The museum’s collection now includes 22 tokens minted in Vilnius by eight different individuals. Historical records show that during the 16th–early 17th century, 19 individuals minted tokens there, with 42 known variants by design and date. The newly acquired specimens represent six previously uncollected individuals. Similar tokens exist only in a few Lithuanian museums—Alytus Local History Museum, Vytautas the Great War Museum, the National M. K. Čiurlionis Museum, and the Money Museum of the Bank of Lithuania. None of them possess tokens of Praitfus, Tiškevičius, the Vielkovičiai brothers, or Zaviša. These are extremely rare even in international collections (only 2–10 known examples). Thus, this acquisition significantly enriches not only numismatics but also Lithuania’s broader cultural heritage, as each token tells the story of a historical figure closely linked with the GDL’s treasury, coinage, and administration.

Military History

The museum’s phaleristics (military insignia) collection was enhanced with an exceptional 1910 badge of a cadet from the Vilnius Military School. Made of silver and decorated with enamel, its obverse features a raised silver Vytis (the Lithuanian coat of arms) on a red enamel background; the reverse depicts blue enamel rays, seven stars (the Big Dipper), and the Russian inscription: “To nobility and enlightenment, know the righteous path.”

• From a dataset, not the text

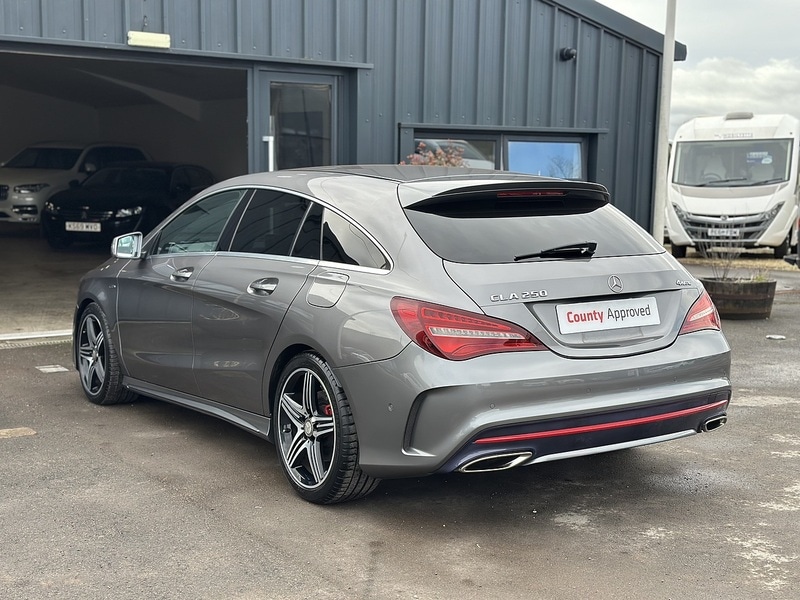 Used Mercedes-Benz CLA for sale - 77452634: Photo 17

Operating from 1864 to 1917, the Vilnius Military School was one of the oldest military institutions in the Russian Empire. Over 10,000 officers graduated from it, including future founders of the independent Lithuanian Army—Generals Vincas Grigaliūnas-Glovackis, Kazys Ladiga, Pranas Liatukas, Stasys Nastopka, Pranas Tamašauskas, and Silvestras Žukauskas—as well as Petras Kubiliūnas, Pranas Saladžius, and Konstantinas Žukas. The school also trained prominent Latvian and Estonian officers such as Jānis Balodis, Krišjānis Berķis, and Johan Laidoner. These badges are extremely rare and form an important addition to the museum’s phaleristics collection.

Contemporary Art

The ethnography and anthropology collections were enriched this year by two works of textile artist Lina Jonikė: Self-Portrait (2016) and Request (2017). These large-format works (125 × 188 cm) combine photography (by Rymantas Penkauskas) with embroidery on transparent plastic. The black-and-white images—showing a woman by an old bathhouse and ritual aprons on crosses in the ethnographic village of Zervynos—evoke the life of the past, while the hand embroidery adds a personal touch to traditional motifs. In these works, the artist explores the relationship between people and their cultural roots, as well as the search for identity in today’s globalized world.

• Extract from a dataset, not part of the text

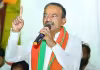 నాకు తెలంగాణే ఫస్ట్&zwnj;.. ఈటల సంచలన వ్యాఖ్యలు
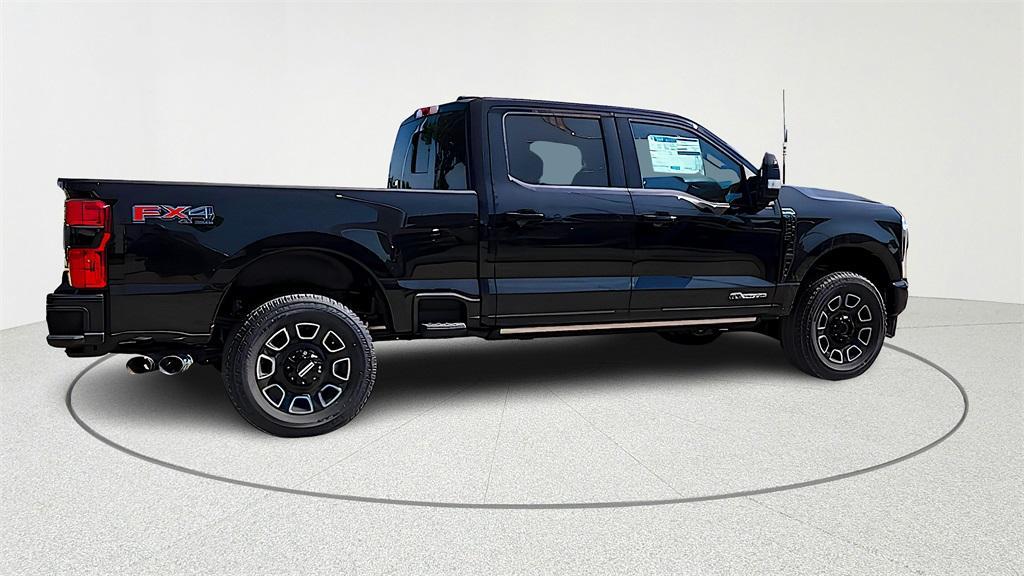 new 2026 Ford F-250 car, priced at $91,522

The History of Lithuanian Currency

The museum also acquired Gitana Matonytė (Vaskelienė)’s 1994 diploma project from the Vilnius Academy of Arts—designs for Lithuanian Republic banknotes. The set includes obverse and reverse designs for seven denominations and an explanatory text.

Considering that the litas, reintroduced into circulation on June 25, 1993, was of low artistic and production quality, the author proposed using imagery from archaeological finds—jewelry, stove tiles, coins of Jogaila, Vytautas, Kazimieras, and Sigismund III Vasa—and other historical and literary artifacts. In consultation with specialists from the Bank of Lithuania, she developed aesthetic and functional security features such as registration marks, microtext strips, and guilloche patterns. The projects were created digitally and printed at the Canon Center in Vilnius on special paper; identical copies can no longer be reproduced. In 2022–2023, the banknotes were exhibited in the international exhibition 100 Years: Litas, Lats, Króna in Vilnius, Riga, and

Tallinn.

This work is the only one of its kind in Lithuanian art and monetary history, merging applied art with the movable heritage preserved in museums.